Angles are measured in degrees, denoted by the symbol $^{\circ}$. A full circle represents a complete turn of $360^{\circ}$. You can visualize a protractor, which is a semi-circle tool marked from $0^{\circ}$ to $180^{\circ}$, used to measure these turns.

A Right Angle measures exactly $90^{\circ}$. Visually, it looks like the perfect corner of a square, the letter 'L', or the meeting point of a vertical wall and a horizontal floor. It is often marked with a small square icon at the vertex instead of a curve.

An Acute Angle is any angle that measures more than $0^{\circ}$ but less than $90^{\circ}$. These angles appear 'sharp' or narrow. Imagine a partially opened pair of scissors, the tip of a sharpened pencil, or a thin slice of pizza.

An Obtuse Angle is an angle that measures more than $90^{\circ}$ but less than $180^{\circ}$. These angles look 'wide' or blunt. Visually, think of a laptop screen pushed back beyond the upright position or the wide spread of a hand fan used on a hot day.

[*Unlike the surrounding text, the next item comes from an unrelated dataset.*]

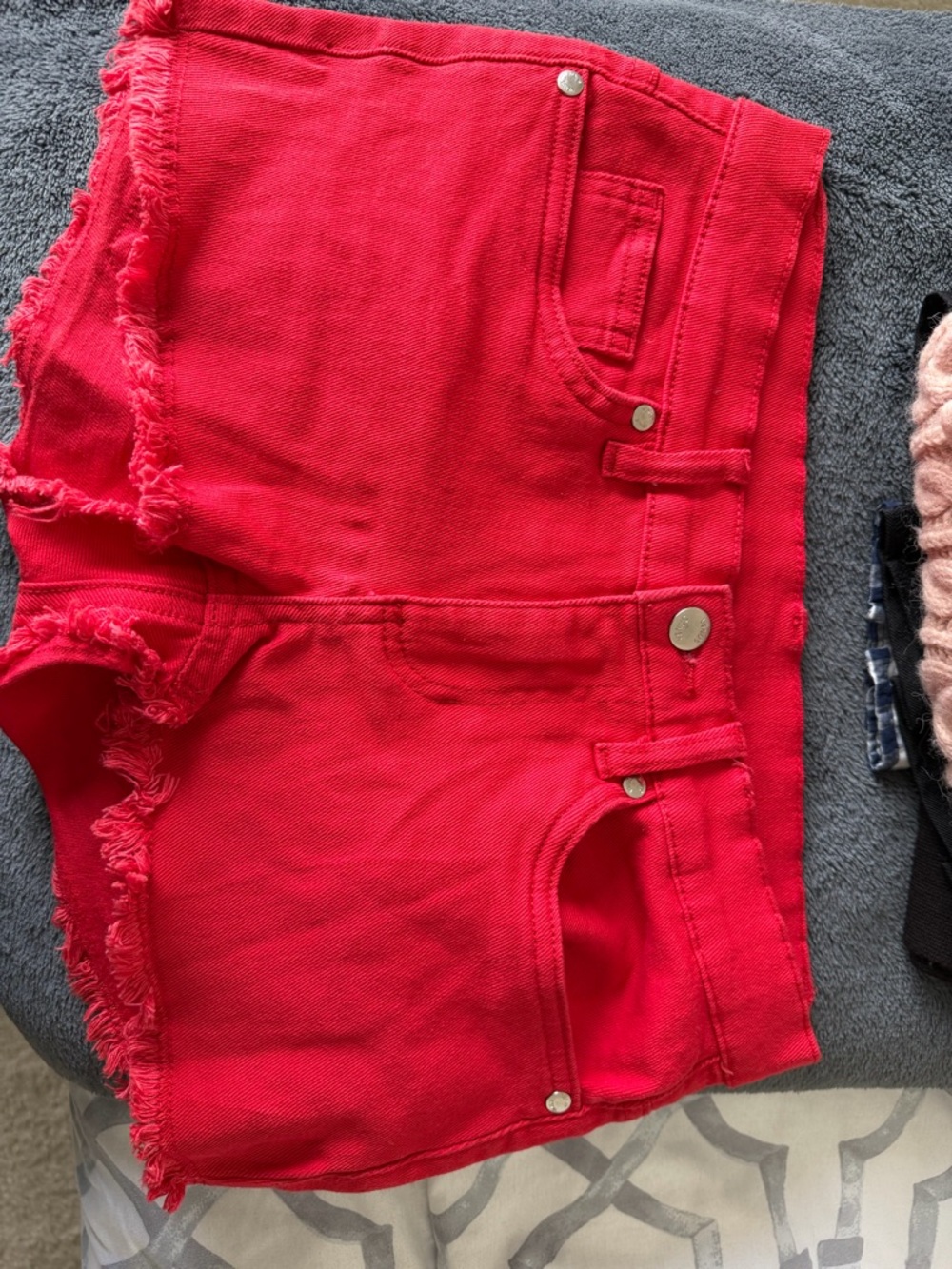 080 VENUS Red Denim Shorts with Frayed Waistband SZ 2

A Straight Angle measures exactly $180^{\circ}$. This angle looks exactly like a straight line. Imagine stretching a piece of string tight between two hands; the angle at any point along that straight string is $180^{\circ}$.

Angles are frequently found in clock hands: at $3:00$, the hands form a Right Angle ($90^{\circ}$); at $1:00$, they form an Acute Angle ($30^{\circ}$); and at $4:00$, they form an Obtuse Angle ($120^{\circ}$).

The size of an angle depends only on the opening between the two arms, not on the length of the arms themselves. Extending the rays of a $45^{\circ}$ angle does not change its measurement; it remains an acute angle.